Friday, January 14, 2011

Poetry Friday: Haiti

Haiti has been in the news this week because Wednesday was the one year anniversary of the earthquake. I've been posting about the anniversary all week. This was a year of anguish, a year of joy. A year of the most intense emotion of my life, at both extremes. And a year of poetry.

The Poetry Foundation website has video of Kwame Dawes, a Ghanaian-born poet who has been taking trips to Haiti, meeting people, and writing poems about their stories. The video is long (eleven minutes) but worth watching. It ends with one of Dawes' poems about Haiti, "Mother of Mothers." You can see it here.

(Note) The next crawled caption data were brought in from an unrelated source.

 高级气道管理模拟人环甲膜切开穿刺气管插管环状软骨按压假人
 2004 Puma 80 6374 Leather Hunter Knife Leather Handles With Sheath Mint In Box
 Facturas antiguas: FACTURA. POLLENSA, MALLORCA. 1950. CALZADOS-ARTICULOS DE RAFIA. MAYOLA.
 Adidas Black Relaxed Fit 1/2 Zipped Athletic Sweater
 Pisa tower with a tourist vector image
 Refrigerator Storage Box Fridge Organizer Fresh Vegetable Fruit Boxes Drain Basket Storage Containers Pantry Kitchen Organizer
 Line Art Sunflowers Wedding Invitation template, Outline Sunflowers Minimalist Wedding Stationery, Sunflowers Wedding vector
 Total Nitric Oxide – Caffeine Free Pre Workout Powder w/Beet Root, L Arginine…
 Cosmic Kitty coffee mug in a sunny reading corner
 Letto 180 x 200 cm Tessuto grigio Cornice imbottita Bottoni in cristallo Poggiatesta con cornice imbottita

Here's this week's Poetry Friday roundup.

4 comments:

laurasalas said...

Thank you, Ruth, for this. I don't have time to watch the whole video, but I did go to 8:00 and then watch/listen to the poem. Wow. The flies, the concrete, the "resurrection," and then the horror. Very powerful. I love the bells, too. Reinforces the prayer-like quality of the poem.

Tara said...

This was so moving - especially because of all the photographs I've just see. Thank you for this wonderful link.

Mary Lee said...

I've been thinking of you lots this week. Thanks for the report/video poem. Powerful.

Carlie said...

What a lovely, powerful and beautiful poem! So cool to see something this whole and deep born out of tragedy. What an honoring for those mothers in the rubble.